Tip 3 – Exclusive use of your business premises
Many franchise agreements provide that you must stock your business premises with their stock only and run the franchise business and no other business from your business premises.
Sometimes this is not a problem, but in many cases, a Franchisee may wish to run more than one business from the same business premises. If that is the case, you need to make the Franchisor aware of this and obtain their consent to use your business premises for more than one purpose.
Tip 4 – Try to secure territory rights
If you are going to the trouble of entering into a franchise agreement to secure the benefit of the local customers of the brand, to enjoy the marketing expertise and reach of the brand and to learn the methods of a successful business, then you should consider requesting a clause in the franchise agreement that gives you territory rights.
This clause gives you the exclusive right to operate a franchise for that brand within a certain area and helps ensure that you receive the maximum return that you can in the area in which you live and run your business.
Tip 5 – Do your due diligence
The most important tip of all is to do your due diligence. In simple terms this means investigating the brand and the business as much as you can before entering into a franchise agreement with them.

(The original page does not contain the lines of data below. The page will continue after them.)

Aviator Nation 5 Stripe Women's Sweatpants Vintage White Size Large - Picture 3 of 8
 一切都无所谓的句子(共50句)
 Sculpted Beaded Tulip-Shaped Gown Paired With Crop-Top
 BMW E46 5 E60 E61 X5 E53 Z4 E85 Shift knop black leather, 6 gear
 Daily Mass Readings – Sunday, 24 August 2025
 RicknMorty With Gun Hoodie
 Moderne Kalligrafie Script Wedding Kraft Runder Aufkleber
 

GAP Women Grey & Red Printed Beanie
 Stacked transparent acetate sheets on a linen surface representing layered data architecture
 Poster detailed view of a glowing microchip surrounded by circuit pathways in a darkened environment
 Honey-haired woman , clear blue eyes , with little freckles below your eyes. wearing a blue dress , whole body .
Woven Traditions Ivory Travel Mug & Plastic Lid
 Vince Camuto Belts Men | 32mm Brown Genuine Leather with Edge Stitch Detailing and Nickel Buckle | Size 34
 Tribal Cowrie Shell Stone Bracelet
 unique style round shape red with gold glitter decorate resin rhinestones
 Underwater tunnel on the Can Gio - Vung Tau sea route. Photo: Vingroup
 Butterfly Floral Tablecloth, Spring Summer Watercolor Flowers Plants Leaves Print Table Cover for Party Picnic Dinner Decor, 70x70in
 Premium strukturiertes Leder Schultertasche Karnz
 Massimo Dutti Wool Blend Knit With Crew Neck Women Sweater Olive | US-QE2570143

The things that you can do to find out more about the Franchisor’s business is:
- Go through the list of existing Franchisees that comes with the disclosure statement and arrange to meet with a number of them to discuss with them their experiences as a Franchisee
- Ask existing Franchisees questions like what are the Franchisor’s like to deal with, how much has their business improved financially after taking on the franchise and after taking all the costs into account and would they enter the franchise if they had their time again
- Request financial evidence of the financial improvement in the business of existing Franchisees if you can
- Contact any previous Franchisees to find out why they are no longer a Franchisee
- Obtain financial advice on the proposed agreement
- Obtain legal advice on the proposed agreement
- Investigate with your Accountant as to whether you have the financial flexibility to pay the initial costs and ongoing costs as set out in the franchise agreement
- Consider whether the area in which you live will have enough demand for the goods or services to be offered by the franchise to make the franchise financially successful.
These aren’t the only things that you need to do, but they are a good start.